Politicians in Maryland seem to understand that supervised parole and probation is expensive. State Senator Christopher B. Shank has proposed a bill allowing for “earned compliance credits” for what are considered low-risk offenders.

Such a bill would allow reductions in supervision when individuals on parole or probation met certain criteria. Essentially such supervision would be shortened by good behavior. This could include performing community service or refraining from being arrested over a certain period of time.

The supervision of 64,000 individuals on parole or probation costs the state approximately $100 million.
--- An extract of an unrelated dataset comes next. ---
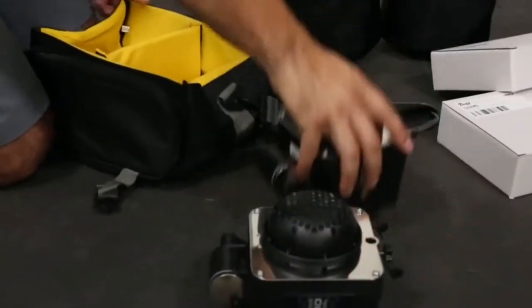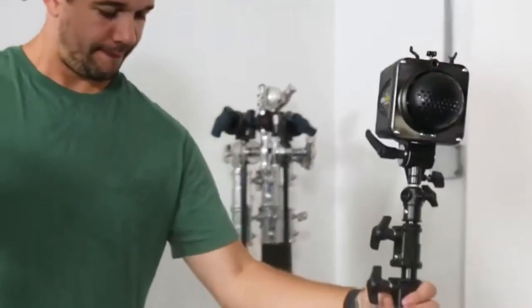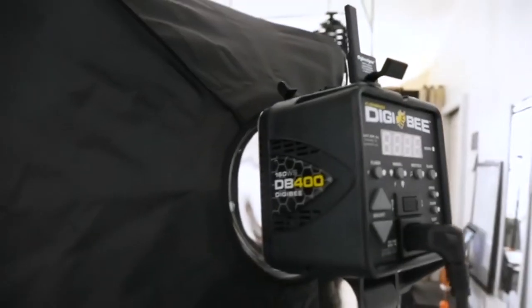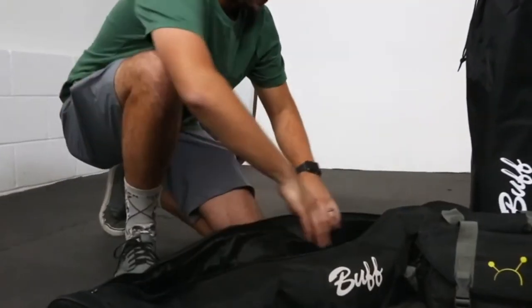The two light kit comes with your choice of two Digi B 400s, 800s, or a combination of the two. Two 13-foot air cushion stands are also included, as well as a CyberSync transmitter and two transceivers to allow you to trigger your lights up to 350 feet away. You'll also get two 32 by 40 inch foldable softboxes and grids, which are really great modifiers for your everyday studio needs.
It is thought that the proposed legislation would slice that cost by around 10 percent.

Several proposals have been brought up in the past that have failed to get through the House or Senate. The state has been struggling for years with how to reduce costs while at the same time show a reduction in recidivism. The current bill came about in part because such compliance credits have been successfully tried in other states.

Though such a measure is welcome, it also creates a certain complexity for those on parole or probation. Whether one is considered a “low-risk” offender may still be relatively subjective unless evidence can be presented to show why such a label is warranted. Sorting out such complexities will be the job of attorneys representing such parolees who are experienced in the criminal law area.

Hopefully, legislatures are also beginning to understand that not all individuals accused of crimes should be treated in the same manner. In 2010, around 26,000 Maryland residents accused of crime were sent back to prison for “technical reasons.” There have to be options for such individuals to both better their situations and to prove that they are not deserving of prison time.